Steve Sternberg ’41 describes a typical day in the fraternity and an amusing anecdote about the opportunities available through Tau Delt’s social events as follows:

I would’ve gone to class come back to the fraternity and ran down and had a hamburger down the street, and talk in the fraternity and do some homework and that would be it… I used to go to all the dances because I liked to.  My sister taught me how to dance before I left high school, and she did well with that.  We had parties at the fraternity house. And one of the parties I got the formula for making a liquor from a farmer and I ended up with all the glassware I had from a chemistry course.
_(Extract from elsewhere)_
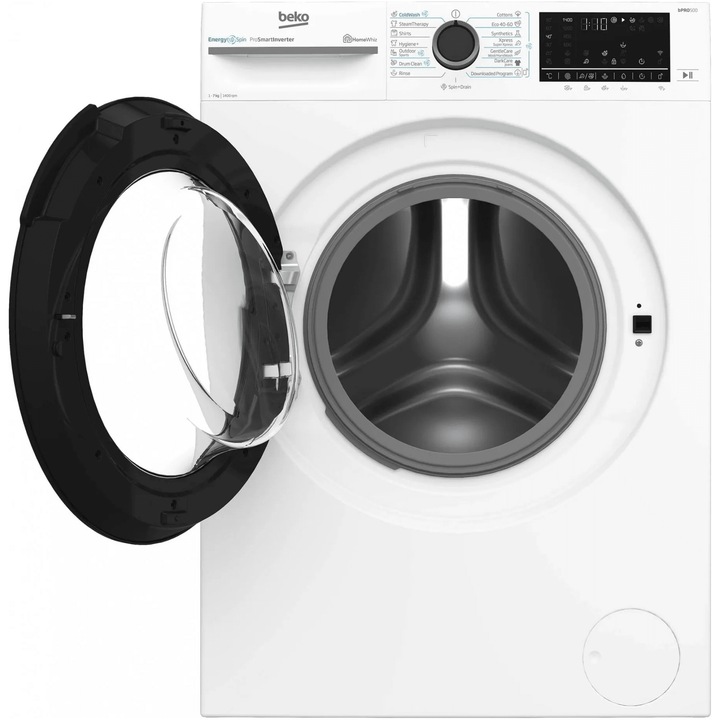 Masina de spalat rufe Slim Beko BM5WFSU67415W,7 kg, 1400 RPM, Clasa A, HomeWhiz prin WiFi, SteamCure, AddXtra, Motor ProSmart Inverter, AddXtra, Alb, usa Piano Black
The whole thing was ridiculous. Anyhow I made it and we tasted it and it tasted pretty good. And the thing that happened to me was I didn’t realize how much alcohol I made and I got loaded.

Colby’s fraternity houses were down in Waterville itself near the old campus, which was bordered by the Waterville Railway Depot and College Avenue. This downtown community of fraternities was a vibrant place to live, with the fraternities hosting their own parties at the local venues, including the Elmwood Hotel, which was right beside the old Tau Delta Phi house.
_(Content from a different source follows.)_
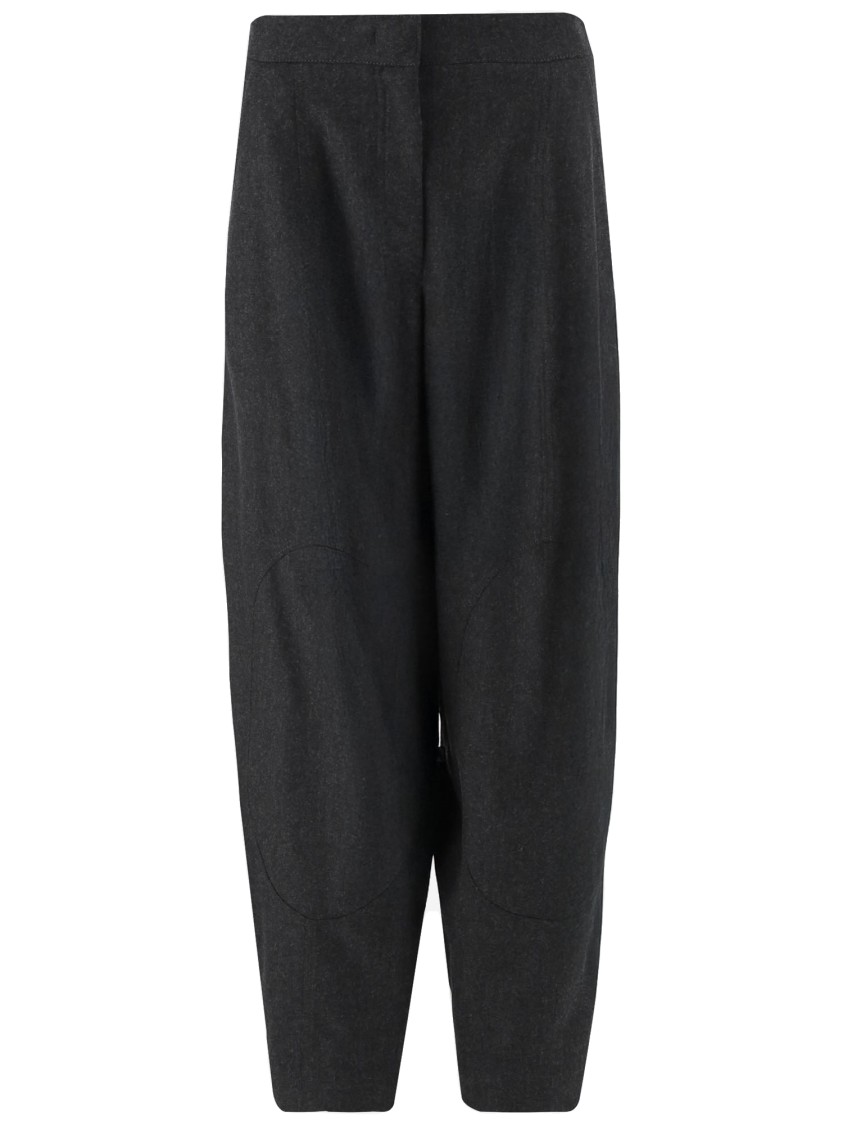Giorgio Armani Wide Trousers In Wool And Cashmere Flannel In Black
In these days, Colby students were a major part of the local community life, especially the members of the Colby fraternities who lived in the closest proximity to the rest of Waterville. This was a college town unlike the Waterville we know today from the new campus on Mayflower Hill.  Colby students, especially the fraternity members, remained firmly rooted in the Waterville community, often going out with local girls, as described by Judy Schreider ’39:

There were, oh, quite a few Jewish boys, but their accomplishment was to get a non-Jewish girl to go out with them Saturday night. So they used to go into Waterville, and what they called them in those days were townies. ’Cause they felt all “Oh, gee, can you imagine I went out with a townie Saturday night?”  What that meant to those kids. And what some of those kids looked like, they looked like they never went out with a girl.
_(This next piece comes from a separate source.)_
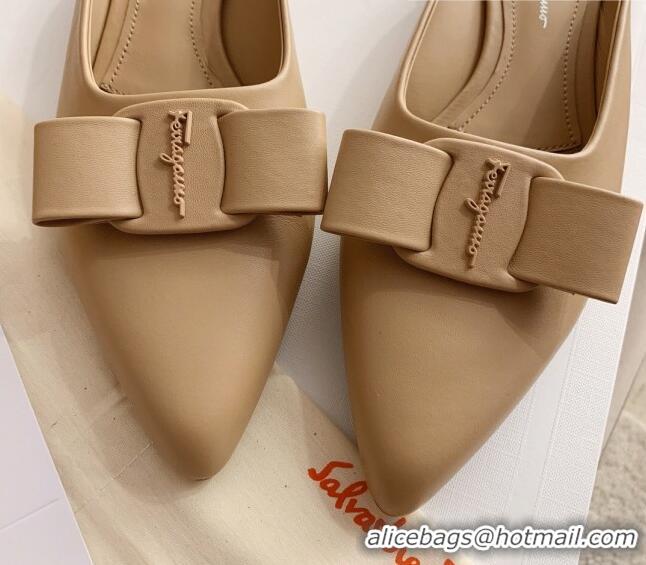 Unique Style Salvatore Ferragamo Viva Lambskin Bow Mules 051219 Nude 2021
“I don’t recall any problems with the other fraternities,” said Steve Sternberg. Ken Jacobson ’50, however, remembers things differently. “The Jewish kids almost automatically went to Tau Delt. But other friends, sure, they’d try to get into one fraternity and end up in another one or something. Generally it was kind of unspoken that if you were Jewish you’d be in Tau Delt.” Ken himself did not join any fraternity.

The postwar years saw the beginning and steady increasing of tolerance for Jewish men among mainstream Colby fraternities as well as the dissolution of Tau Delta Phi as an exclusively Jewish fraternity. Where 1956 saw religious diversity emerge within Tau Delt, 1957 brought ethnic diversity: John P. Goolgasian was of Armenian heritage and Ben L. Hom was of Vietnamese descent. The members of Tau Delt who were also affiliated with Hillel slipped into the minority. As Judy Brody ’58 observed, “One of the fraternities here was really a national Jewish fraternity, Tau Delt, but they had some guys in there who were not Jewish.”  By 1959 a minority of Jewish men joined Tau Delta Phi, instead joining mainstream fraternities, and by 1960 a decent variety of fraternities were accepting Jewish men. Even though Judy Brody mentions diversity, she emphasized that Tau Delta Phi “was definitely a Jewish fraternity,” and non-Jewish members remained a clear minority.

Another change that came with the move to the Mayflower Hill was something of a disconnect with the larger Waterville community. In the years before 1948, Colby was still conducting classes at the old campus in Waterville and all of the fraternity houses were situated within the downtown area itself. As the 1940s ended, most activity at Colby came to be coordinated by Colby itself and located on campus instead of at Waterville hotels and venues.  Tau Delta Phi members continued to reach out to the community in some ways, though, including the ironic yearly visit to Waterville children by one of Tau Delt’s members, dressed in an obviously unconvincing Santa suit.